Reputation: 87
I am loading CSV files to Redshift daily. To handle duplicates i am loading the files to staging table and then using Update or Insert scripts based on key columns to load to the target table. Recently i found duplicate data in the target table unexpectedly.
I double checked my script and don't see any reason for having duplicates. Below are the Update and Insert script formats that i am using.
For Inserting:
Insert into target (key1, key2, col3, col4)

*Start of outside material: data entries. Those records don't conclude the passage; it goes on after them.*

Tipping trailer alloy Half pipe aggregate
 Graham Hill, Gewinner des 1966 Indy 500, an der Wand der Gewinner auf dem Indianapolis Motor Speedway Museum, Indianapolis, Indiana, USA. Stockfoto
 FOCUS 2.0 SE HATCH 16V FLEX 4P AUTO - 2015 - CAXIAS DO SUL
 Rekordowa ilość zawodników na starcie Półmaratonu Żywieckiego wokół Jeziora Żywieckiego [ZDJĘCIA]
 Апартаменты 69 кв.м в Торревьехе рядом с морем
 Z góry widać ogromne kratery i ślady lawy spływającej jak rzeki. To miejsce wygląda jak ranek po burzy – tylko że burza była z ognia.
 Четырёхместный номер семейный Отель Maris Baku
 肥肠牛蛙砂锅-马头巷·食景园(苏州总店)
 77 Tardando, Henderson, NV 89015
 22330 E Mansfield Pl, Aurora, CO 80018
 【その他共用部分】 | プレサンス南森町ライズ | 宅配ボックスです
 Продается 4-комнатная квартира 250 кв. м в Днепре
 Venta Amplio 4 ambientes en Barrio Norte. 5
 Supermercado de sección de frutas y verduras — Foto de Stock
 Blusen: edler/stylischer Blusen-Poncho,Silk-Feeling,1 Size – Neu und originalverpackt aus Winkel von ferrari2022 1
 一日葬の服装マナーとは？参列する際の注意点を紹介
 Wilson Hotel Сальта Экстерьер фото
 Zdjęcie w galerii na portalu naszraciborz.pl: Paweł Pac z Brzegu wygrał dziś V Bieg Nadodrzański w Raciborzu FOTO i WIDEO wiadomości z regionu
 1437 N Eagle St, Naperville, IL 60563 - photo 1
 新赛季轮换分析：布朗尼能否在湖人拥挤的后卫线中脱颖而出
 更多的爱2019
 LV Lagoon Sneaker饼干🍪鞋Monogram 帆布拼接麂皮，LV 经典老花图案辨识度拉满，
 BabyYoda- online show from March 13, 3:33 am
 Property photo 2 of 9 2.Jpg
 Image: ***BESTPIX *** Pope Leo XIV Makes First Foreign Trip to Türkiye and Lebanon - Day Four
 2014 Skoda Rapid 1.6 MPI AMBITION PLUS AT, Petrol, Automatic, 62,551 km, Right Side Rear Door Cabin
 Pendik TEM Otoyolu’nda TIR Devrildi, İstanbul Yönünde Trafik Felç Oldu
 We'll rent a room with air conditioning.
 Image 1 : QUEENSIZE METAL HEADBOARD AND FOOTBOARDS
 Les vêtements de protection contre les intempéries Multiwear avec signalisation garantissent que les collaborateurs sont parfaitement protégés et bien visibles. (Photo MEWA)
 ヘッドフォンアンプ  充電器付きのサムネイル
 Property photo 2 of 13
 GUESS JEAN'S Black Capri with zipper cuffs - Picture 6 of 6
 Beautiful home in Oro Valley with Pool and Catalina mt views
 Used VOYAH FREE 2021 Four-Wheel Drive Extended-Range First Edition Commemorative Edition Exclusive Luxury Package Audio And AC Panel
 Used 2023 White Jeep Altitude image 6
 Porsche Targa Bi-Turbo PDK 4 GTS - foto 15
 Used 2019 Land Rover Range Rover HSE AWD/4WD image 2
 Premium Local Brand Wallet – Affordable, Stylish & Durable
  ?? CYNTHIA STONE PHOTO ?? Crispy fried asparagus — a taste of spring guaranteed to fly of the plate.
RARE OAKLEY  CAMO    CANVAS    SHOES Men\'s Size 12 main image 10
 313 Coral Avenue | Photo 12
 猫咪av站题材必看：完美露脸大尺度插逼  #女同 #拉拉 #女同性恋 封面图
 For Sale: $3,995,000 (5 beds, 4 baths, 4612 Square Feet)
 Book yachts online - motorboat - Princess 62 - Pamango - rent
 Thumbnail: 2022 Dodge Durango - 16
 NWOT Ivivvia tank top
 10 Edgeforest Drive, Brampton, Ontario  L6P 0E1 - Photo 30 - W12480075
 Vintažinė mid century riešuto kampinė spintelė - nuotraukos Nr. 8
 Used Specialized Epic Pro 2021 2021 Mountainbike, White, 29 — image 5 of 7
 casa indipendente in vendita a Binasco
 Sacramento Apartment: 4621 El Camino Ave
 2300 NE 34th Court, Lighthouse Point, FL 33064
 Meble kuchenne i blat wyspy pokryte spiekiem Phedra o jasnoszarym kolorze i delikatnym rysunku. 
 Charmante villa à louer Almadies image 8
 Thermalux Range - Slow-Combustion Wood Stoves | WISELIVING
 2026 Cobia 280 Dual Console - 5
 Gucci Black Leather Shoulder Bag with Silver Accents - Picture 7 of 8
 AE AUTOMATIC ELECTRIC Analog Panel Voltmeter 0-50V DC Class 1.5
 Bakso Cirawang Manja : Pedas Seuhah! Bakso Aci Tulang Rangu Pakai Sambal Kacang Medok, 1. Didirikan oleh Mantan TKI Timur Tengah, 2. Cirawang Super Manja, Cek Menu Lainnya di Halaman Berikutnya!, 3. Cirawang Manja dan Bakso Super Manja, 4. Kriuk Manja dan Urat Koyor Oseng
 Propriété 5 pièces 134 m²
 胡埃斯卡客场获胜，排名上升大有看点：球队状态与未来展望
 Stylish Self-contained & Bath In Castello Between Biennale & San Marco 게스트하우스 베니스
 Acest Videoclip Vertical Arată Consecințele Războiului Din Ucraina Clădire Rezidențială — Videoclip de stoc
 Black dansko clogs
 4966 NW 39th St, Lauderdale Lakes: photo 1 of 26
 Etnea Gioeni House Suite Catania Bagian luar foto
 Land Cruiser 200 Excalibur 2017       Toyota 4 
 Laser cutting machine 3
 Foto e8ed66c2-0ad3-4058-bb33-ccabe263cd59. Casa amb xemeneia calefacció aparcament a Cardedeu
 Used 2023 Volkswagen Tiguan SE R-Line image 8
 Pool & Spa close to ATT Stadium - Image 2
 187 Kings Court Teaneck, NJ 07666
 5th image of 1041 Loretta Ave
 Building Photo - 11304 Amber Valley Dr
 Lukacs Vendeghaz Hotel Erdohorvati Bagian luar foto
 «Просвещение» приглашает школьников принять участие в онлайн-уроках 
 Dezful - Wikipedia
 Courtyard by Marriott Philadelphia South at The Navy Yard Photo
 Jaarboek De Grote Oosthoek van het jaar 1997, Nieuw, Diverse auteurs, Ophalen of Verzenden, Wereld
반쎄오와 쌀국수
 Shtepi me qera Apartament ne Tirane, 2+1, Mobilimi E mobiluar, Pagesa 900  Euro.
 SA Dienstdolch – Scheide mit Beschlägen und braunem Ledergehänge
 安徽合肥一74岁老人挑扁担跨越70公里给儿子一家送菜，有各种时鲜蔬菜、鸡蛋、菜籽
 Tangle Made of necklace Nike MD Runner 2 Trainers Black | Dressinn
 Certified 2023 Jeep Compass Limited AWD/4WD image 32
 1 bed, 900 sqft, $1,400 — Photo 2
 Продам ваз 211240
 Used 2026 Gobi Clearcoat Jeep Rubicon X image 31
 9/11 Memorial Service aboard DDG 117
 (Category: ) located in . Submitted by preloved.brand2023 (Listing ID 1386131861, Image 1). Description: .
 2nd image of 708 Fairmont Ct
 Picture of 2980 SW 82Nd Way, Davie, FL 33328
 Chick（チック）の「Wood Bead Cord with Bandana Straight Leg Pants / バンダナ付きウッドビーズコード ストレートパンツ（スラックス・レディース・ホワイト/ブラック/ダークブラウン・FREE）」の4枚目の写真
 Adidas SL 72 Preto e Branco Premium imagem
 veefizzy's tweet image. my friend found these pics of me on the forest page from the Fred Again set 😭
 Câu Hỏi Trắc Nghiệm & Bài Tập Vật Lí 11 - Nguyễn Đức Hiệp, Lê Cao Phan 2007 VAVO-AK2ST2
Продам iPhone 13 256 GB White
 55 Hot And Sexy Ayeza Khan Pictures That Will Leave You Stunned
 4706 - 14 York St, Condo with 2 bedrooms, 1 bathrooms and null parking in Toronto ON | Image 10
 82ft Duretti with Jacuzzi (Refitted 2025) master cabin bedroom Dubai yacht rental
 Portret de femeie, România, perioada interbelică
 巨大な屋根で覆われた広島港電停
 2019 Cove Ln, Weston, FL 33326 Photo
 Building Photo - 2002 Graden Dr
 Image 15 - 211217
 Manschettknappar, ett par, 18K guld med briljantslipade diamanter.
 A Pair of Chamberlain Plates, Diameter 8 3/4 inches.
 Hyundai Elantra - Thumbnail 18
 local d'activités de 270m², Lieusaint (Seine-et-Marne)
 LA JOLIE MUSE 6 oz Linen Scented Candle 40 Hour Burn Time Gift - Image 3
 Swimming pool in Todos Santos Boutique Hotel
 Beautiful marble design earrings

Select key1, key2, col3, col4
From stage s where not exists (select 1 from target t
where s.key1 = t.key1 and)
s.key2 = t.key2);
And for update:
Update target Set
key1=s.key1, key2=s.key2, col3=s.col3, col4=s.col4
From stage s where target.key1=s.key1 and target.key2=s.key2;
Any help is appreciated.
Upvotes: 0
Views: 1420
Reputation: 2828
I ran into this too. The problem was in the insert...select... where the select itself produced duplicates. One solution for us was to use a cursor (outside of Redshift) to run the select and insert one record at a time, but this proved to have performance issues. Instead we now check for duplicates with an initial select
select key1,key2 from stage group by key1,key2 having count(*) > 1;
and stop the process if records are returned.
Upvotes: 2